Blömer versuchte, ihm „einfach durch persönliche Wertschätzung“ dieses Gefühl zu nehmen. Später fand der Junge seinen Weg, heute leitet er nach einer Lehre als Zimmermann seinen eigenen Betrieb.
Blömer: Jammern und Klagen ist nicht mein Ding
„Das Erlebnis hat mich stark geprägt“, sagt Blömer heute. Es hat auch seine Arbeit im Bischöflichen Offizialat in Vechta beeinflusst. 1994 wurde er dort als Schulrat zuständig für die acht bischöflichen Haupt- und Realschulen im niedersächsischen Teil des Bistums.
Die Hauptschulen steckten zehn Jahre darauf in einer Krise, in ganz Deutschland. Das Wort von der „Restschule“ ging um. Bei einem Kongress in Hamburg über katholische Hauptschulen habe er „nur Jammern und Klagen“ erlebt, sagt Blömer. Das sei nicht sein Ding gewesen. „Ich wollte gegensteuern.“ 2004 war das.
„Immer von den schwächsten Schülern her gedacht.“
Blömer arbeitete mit fünf Lehrern seiner Hauptschulen zusammen und sucht nach einem Ausweg. Ergebnis: Das „Projekt Schule“ mit dem Bibelwort „Weil du so wertvoll bist“ als Motto. Ein Plan, um dieser Schulform mehr Anerkennung zu verschaffen.
Zum Beispiel durch eine enge Verbindung mit den bischöflichen Realschulen. „Der lernbehinderte Schüler in einer Klasse mit dem guten Realschüler“, fasst Blömer zusammen. Eine Herausforderung. „Aber wir haben bei diesem Konzept immer von den schwächsten Schülern her gedacht.“ Für ihn ein klassisches Markenzeichen katholischer Schulen.
Ganztagsbetreuung brauchte Überzeugungsarbeit
Das „Projekt Schule“ lebe auch von der Ganztagsbetreuung. „Bei dem gewohnten Familienbild damals durchaus umstritten in der Kirche“, berichtet Blömer.
Er musste als Schulrat viel Überzeugungsarbeit leisten in der Kirche. Denn ein Konzept sei nur der erste Schritt. „Man braucht ja auch die Rahmenbedingungen für die Arbeit.“
Er brauchte Millionen für die neuen Schulen
Vor allem Geld, um Schulen zu erweitern und umzubauen für das neue Konzept. Blömer warb deshalb in Pastoralrat und Kirchensteuerrat der oldenburgischen Kirche für das Konzept, suchte die Leitung des Offizialats zu gewinnen. Mit Erfolg. 2007 konnte die Arbeit beginnen.

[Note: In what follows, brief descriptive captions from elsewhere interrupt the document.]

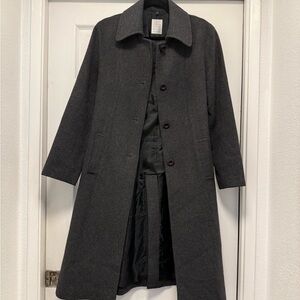 CABIN Gray Wool Blend Long Coat - Size M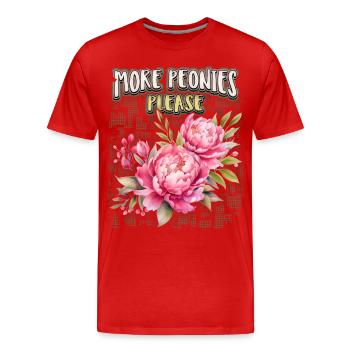 Pfingstrosen Illustration, Pink-Peony, Spruch - Männer Premium Bio T-Shirt - Rot - Vorne - Damien (186cm)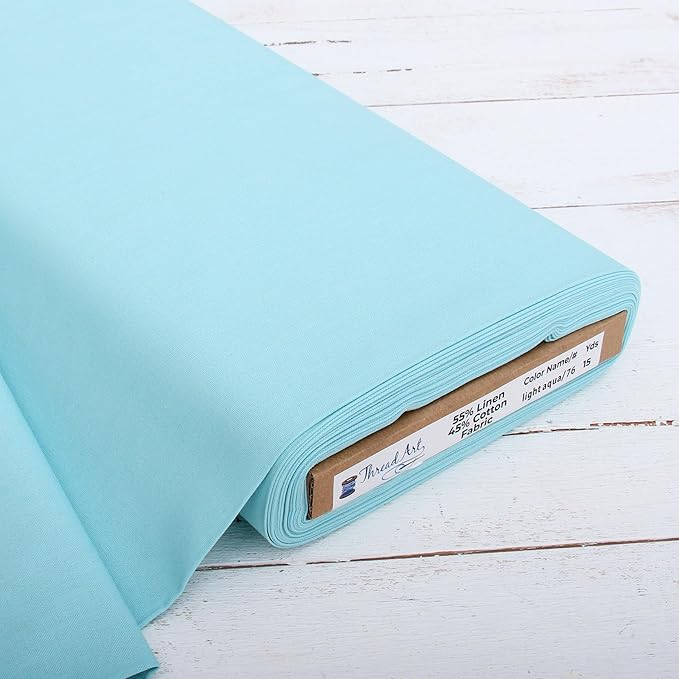 Threadart Linen Fabric by The Yard - Premium Cotton Linen Fabric for Embroidery, Cross Stitch, Apparel, Canvas, Home Décor- 55" Width - Light Aqua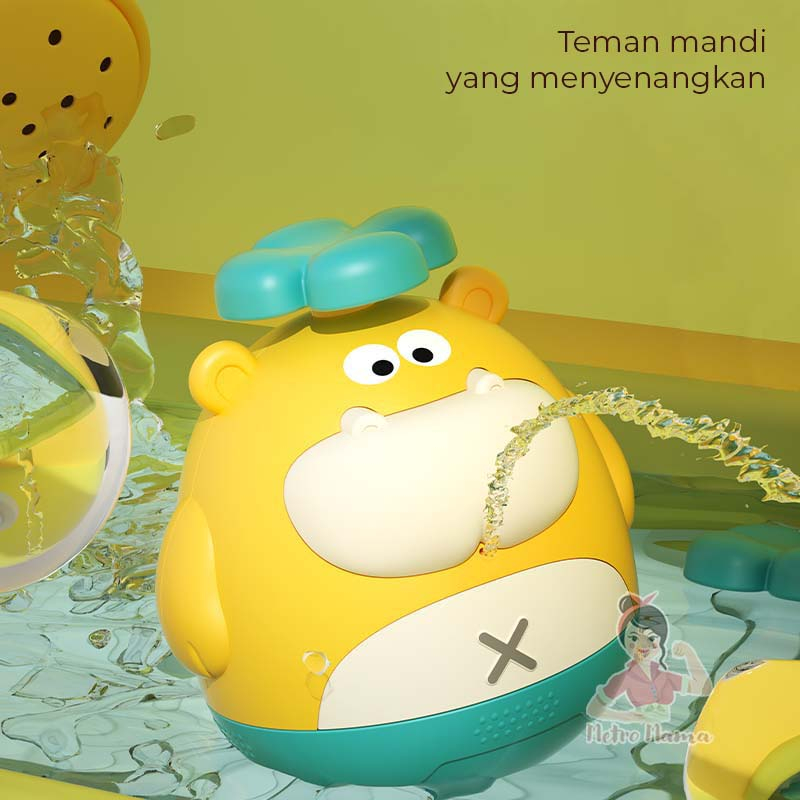 Mainan Mandi Anak Bayi Cute Hippo Tumbler Water Spray 2 in 1 Original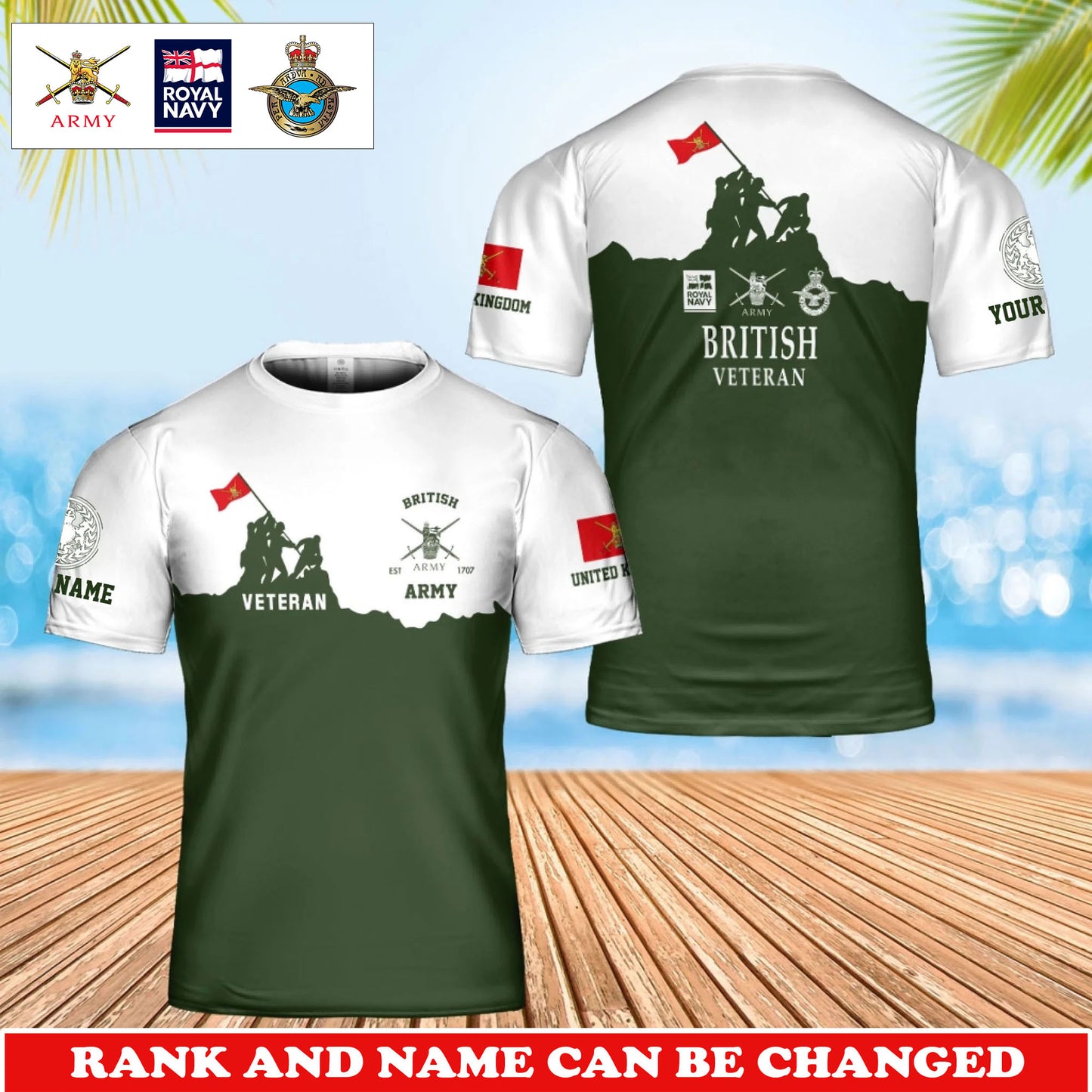 Personalized UK Soldier/Veteran Camo with Rank and Name T-Shirt All Over Printed - 17746560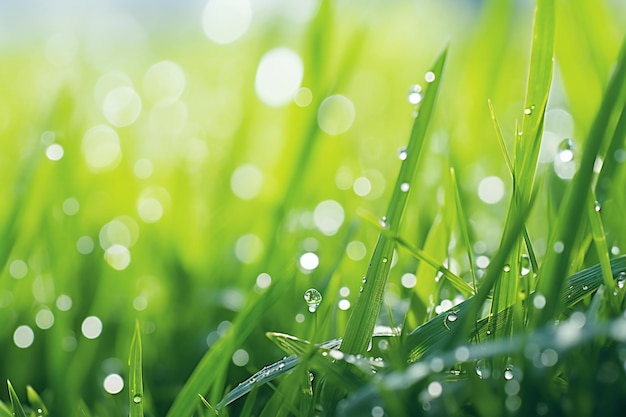 Foto hierba verde fresca con gotas de rocío primer plano fondo de naturaleza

Nach großen Investitionen. Bei der Marienschule Cloppenburg etwa entstanden neue Gebäude für acht Millionen Euro, in der Ludgerusschule Vechta für zwei Millionen Euro. Geld, das der oldenburgische Kirchensteuerrat immer bewilligte.
Das Projekt machte Schule
Die wichtigste Folge von Konzept und Investitionen: Mehr Eltern meldeten ihre Kinder an diesen anderen Schulen an. Eine weitere Folge: Andere Hauptschulen wurden aufmerksam. Blömer stellte das Konzept bundesweit auf Kongressen vor, die oldenburgischen Schulen hatten immer wieder Fachleute zu Gast, die interessiert waren. Manche Schulen haben das Konzept komplett übernommen.
Die Kirche in Oldenburg war damit eine Art Vorreiter; erst 2011 führten die Länder Niedersachsen und Nordrhein-Westfalen vergleichbare Modelle für die staatlichen Schulen ein.
Zuständig für 5.400 Schüler und 475 Lehrkräfte
Heinrich Blömer hat inzwischen als Vorstand einer bischöflichen Schulstiftung zusätzlich die pädagogische Leitung von vier Gymnasien und einer Berufsschule. Damit ist er zuständig für mehr als 5.400 Schüler und 475 Lehrkräfte in Vechta, Cloppenburg, Oldenburg und Wilhelmshaven.
Jetzt tritt er nach 28 Jahren in der Schulabteilung des Offizialats in den Ruhestand. Blömer hatte von der Personalentwicklung bis zur Lehrerausbildung viele Aufgaben. Aber von einer spricht er besonders begeistert: von seinem „Projekt Schule“, mit dem er die bischöflichen Hauptschulen reformiert hat.